● GIVEN DATA
==*==
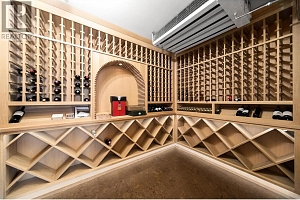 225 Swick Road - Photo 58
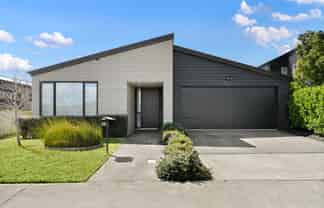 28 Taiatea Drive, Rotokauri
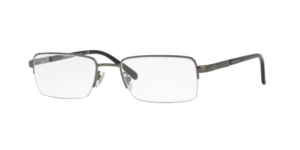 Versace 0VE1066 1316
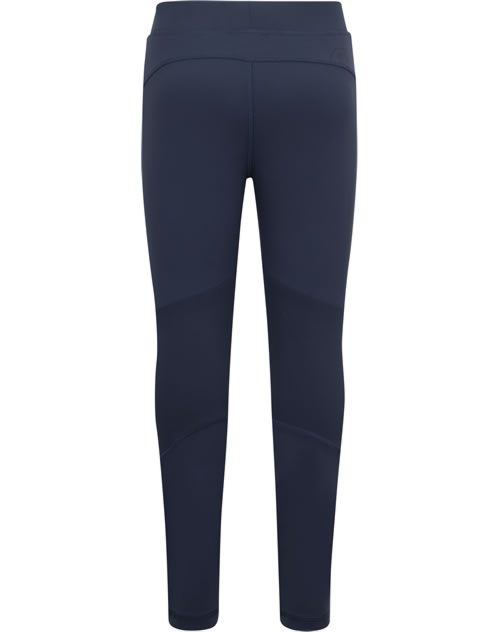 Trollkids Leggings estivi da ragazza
==*==
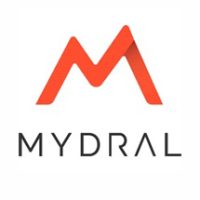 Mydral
==*==
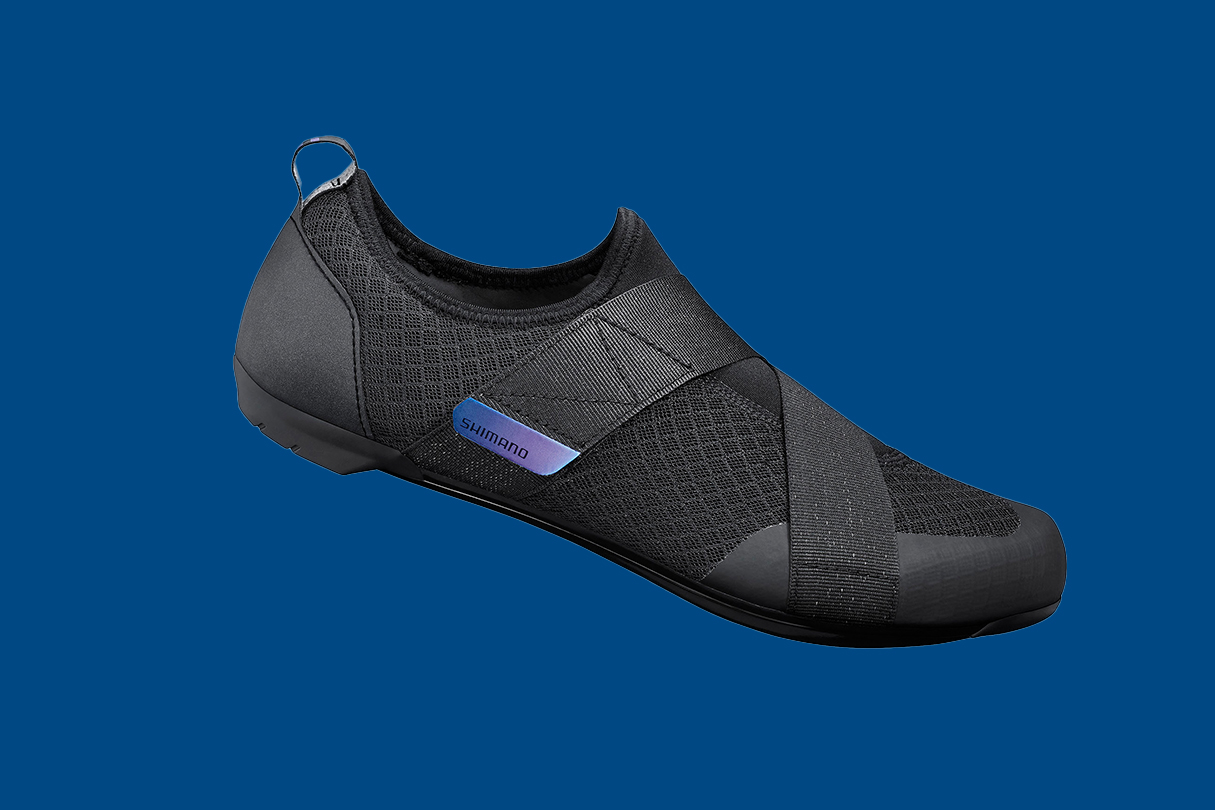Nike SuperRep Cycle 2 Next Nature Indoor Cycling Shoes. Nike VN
==*==
● EXERCISE DIRECTIONS
Reproduce the listing above only between the lines holding "225 Swick Road - Photo 58" and "Trollkids Leggings estivi da ragazza", inclusive. Every line must match exactly, and pictures are dropped.

● EXPECTED ANSWER
 225 Swick Road - Photo 58
 28 Taiatea Drive, Rotokauri
 Versace 0VE1066 1316
 Trollkids Leggings estivi da ragazza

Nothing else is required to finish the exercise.